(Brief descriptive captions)
== Segment start ==

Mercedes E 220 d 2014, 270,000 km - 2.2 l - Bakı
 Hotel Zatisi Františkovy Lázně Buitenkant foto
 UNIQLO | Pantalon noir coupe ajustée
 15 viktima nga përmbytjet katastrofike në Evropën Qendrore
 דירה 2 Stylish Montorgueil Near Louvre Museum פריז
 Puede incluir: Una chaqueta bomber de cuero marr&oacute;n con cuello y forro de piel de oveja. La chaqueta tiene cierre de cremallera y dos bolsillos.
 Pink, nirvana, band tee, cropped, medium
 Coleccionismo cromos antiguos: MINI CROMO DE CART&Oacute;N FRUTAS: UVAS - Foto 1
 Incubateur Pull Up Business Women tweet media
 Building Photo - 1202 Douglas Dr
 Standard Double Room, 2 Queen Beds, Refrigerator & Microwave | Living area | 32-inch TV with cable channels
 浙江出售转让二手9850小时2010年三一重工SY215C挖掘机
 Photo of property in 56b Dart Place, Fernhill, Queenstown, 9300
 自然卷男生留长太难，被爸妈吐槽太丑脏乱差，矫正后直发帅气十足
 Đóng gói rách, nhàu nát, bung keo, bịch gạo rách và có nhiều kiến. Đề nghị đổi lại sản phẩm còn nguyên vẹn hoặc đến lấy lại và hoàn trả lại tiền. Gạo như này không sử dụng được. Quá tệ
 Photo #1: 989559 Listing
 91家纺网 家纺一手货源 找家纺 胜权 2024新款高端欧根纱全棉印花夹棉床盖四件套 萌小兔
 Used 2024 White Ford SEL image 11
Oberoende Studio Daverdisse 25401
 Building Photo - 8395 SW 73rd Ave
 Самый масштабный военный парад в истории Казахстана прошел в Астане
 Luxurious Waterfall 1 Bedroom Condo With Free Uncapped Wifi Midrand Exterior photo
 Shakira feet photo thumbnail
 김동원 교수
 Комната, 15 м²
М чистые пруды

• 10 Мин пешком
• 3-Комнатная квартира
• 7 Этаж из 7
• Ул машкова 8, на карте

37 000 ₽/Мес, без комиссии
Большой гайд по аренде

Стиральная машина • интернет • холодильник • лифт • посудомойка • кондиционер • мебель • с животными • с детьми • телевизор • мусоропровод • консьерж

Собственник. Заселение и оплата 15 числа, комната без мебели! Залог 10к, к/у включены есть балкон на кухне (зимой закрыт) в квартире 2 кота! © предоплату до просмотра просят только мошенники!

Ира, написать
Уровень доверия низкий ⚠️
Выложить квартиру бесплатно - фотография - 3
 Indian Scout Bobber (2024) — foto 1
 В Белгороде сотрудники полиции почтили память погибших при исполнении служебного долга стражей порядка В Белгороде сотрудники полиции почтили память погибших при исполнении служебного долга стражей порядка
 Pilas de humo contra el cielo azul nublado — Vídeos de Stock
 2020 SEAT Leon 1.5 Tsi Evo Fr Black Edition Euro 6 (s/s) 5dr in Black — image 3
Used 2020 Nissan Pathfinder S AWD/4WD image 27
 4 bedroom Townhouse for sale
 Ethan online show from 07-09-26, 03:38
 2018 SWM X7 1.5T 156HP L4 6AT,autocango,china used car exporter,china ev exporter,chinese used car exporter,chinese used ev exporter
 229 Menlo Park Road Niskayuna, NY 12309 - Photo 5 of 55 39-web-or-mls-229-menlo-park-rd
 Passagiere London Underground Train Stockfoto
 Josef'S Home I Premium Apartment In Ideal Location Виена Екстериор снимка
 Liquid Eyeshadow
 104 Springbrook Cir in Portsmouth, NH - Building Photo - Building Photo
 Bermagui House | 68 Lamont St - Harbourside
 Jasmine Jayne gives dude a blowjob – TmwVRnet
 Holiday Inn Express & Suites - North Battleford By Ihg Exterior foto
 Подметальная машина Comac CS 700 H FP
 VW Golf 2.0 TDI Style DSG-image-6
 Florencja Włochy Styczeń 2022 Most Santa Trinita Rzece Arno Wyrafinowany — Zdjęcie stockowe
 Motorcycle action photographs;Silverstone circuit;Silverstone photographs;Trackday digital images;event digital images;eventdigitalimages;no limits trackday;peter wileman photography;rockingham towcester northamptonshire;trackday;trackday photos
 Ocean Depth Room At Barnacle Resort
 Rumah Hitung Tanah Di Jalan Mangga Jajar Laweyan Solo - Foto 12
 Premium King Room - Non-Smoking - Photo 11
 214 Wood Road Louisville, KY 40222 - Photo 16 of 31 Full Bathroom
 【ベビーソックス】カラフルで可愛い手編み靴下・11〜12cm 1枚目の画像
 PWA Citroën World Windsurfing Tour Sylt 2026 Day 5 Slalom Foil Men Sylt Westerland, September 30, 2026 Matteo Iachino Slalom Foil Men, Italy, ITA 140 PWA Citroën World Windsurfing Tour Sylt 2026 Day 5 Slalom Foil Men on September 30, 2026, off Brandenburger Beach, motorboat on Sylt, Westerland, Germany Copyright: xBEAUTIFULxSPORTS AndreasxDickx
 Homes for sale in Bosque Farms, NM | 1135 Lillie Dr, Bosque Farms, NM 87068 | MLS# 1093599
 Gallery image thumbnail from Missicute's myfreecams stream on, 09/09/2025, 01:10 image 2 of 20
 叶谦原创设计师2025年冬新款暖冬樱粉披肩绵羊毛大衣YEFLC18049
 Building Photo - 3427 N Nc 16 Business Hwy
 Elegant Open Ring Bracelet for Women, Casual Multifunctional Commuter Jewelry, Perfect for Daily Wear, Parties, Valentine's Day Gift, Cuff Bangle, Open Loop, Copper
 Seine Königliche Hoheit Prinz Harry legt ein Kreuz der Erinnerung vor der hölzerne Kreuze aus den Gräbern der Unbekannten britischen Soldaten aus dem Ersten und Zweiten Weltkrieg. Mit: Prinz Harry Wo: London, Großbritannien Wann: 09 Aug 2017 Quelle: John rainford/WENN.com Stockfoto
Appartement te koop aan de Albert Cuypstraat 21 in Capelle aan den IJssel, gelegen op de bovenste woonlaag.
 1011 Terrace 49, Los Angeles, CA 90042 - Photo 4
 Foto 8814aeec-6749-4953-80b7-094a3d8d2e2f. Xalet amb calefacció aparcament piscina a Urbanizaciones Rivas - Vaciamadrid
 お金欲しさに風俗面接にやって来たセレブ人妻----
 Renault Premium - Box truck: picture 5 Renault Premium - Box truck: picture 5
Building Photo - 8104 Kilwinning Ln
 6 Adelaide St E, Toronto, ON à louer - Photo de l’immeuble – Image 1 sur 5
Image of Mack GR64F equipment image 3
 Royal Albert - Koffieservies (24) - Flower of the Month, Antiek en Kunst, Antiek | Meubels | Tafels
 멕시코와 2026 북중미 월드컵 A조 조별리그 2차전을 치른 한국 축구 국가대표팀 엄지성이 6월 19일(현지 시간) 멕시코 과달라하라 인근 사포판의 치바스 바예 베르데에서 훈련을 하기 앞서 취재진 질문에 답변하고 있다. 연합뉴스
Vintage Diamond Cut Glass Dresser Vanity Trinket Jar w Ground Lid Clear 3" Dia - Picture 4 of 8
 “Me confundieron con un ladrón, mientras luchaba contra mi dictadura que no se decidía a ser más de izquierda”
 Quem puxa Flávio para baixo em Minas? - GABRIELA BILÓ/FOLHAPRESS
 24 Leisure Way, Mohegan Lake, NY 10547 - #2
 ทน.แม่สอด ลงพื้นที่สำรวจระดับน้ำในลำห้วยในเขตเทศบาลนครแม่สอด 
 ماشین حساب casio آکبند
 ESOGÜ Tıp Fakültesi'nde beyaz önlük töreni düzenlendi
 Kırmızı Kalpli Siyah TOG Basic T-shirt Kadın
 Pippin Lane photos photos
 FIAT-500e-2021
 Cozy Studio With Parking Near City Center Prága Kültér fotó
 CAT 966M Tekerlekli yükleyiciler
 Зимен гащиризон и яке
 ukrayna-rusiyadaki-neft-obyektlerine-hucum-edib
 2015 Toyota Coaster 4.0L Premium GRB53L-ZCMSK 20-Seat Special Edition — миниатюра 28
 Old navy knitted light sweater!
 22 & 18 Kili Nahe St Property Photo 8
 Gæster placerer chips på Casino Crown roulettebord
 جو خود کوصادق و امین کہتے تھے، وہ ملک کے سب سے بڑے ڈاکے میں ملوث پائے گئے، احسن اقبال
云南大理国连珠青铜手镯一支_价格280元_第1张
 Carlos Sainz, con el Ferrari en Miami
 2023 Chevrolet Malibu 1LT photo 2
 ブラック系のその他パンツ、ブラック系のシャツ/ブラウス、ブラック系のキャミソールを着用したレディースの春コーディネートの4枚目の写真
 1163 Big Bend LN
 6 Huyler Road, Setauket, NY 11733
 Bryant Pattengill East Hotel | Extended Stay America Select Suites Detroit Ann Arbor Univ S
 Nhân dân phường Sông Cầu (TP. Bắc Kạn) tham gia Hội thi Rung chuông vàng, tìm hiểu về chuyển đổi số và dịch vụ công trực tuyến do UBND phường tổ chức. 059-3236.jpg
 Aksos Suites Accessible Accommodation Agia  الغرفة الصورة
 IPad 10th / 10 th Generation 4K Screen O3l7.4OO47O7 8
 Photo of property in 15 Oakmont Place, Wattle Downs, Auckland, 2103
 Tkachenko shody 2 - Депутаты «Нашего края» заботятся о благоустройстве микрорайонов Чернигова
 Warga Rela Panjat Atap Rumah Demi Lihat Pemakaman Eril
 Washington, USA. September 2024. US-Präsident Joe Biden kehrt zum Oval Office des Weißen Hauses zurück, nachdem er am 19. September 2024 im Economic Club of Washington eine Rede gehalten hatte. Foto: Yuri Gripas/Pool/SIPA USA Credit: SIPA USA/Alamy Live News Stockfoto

== Segment end ==

> **Task requirements**
Retrieve each line from the records above where the word "Business" occurs.

> **Response area**
 Incubateur Pull Up Business Women tweet media
 Building Photo - 3427 N Nc 16 Business Hwy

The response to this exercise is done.